🤖 AI Summary
This work addresses the barriers to equitable development of high-quality text embeddings—namely high costs, limited language coverage, and model opacity—by introducing a three-dimensional Matryoshka Learning framework (3D-ML). This novel approach integrates Matryoshka learning across representation, layer, and embedding dimensions, establishing Matryoshka Embedding Learning (MEL) to achieve breakthroughs in parameter efficiency, inference flexibility, and storage compression. Leveraging this framework, the authors develop a large-scale multilingual embedding model covering over 100 languages and release the model, training data, and code publicly.
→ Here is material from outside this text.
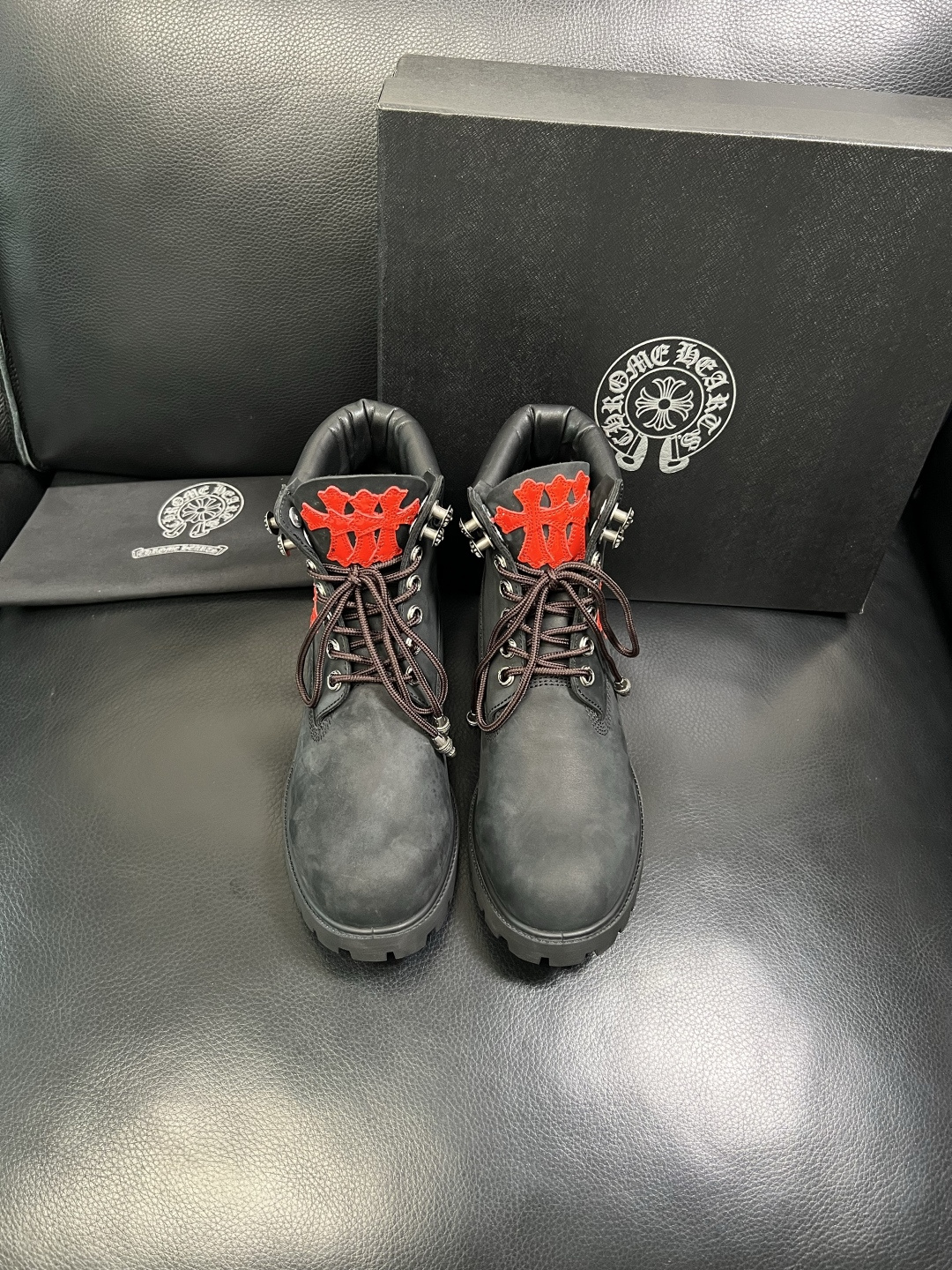 Chrome Heart Cross Patch Leather Boots Black/Red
Comprehensive evaluation across 430 tasks demonstrates state-of-the-art performance, setting new records on 9 out of 17 MTEB benchmarks, with particularly strong results on low-resource languages.
📝 Abstract
The development of high-quality text embeddings is increasingly drifting toward an exclusionary future, defined by three critical barriers: prohibitive computational costs, a narrow linguistic focus that neglects most of the world's languages, and a lack of transparency from closed-source or open-weight models that stifles research. To dismantle these barriers, we introduce ML-Embed, a suite of inclusive and efficient models built upon a new framework: 3-Dimensional Matryoshka Learning (3D-ML). Our framework addresses the computational challenge with comprehensive efficiency across the entire model lifecycle. Beyond the storage benefits of Matryoshka Representation Learning (MRL) and flexible inference-time depth provided by Matryoshka Layer Learning (MLL), we introduce Matryoshka Embedding Learning (MEL) for enhanced parameter efficiency. To address the linguistic challenge, we curate a massively multilingual dataset and train a suite of models ranging from 140M to 8B parameters. In a direct commitment to transparency, we release all models, data, and code. Extensive evaluation on 430 tasks demonstrates that our models set new records on 9 of 17 evaluated MTEB benchmarks, with particularly strong results in low-resource languages, providing a reproducible blueprint for building globally equitable and computationally efficient AI systems.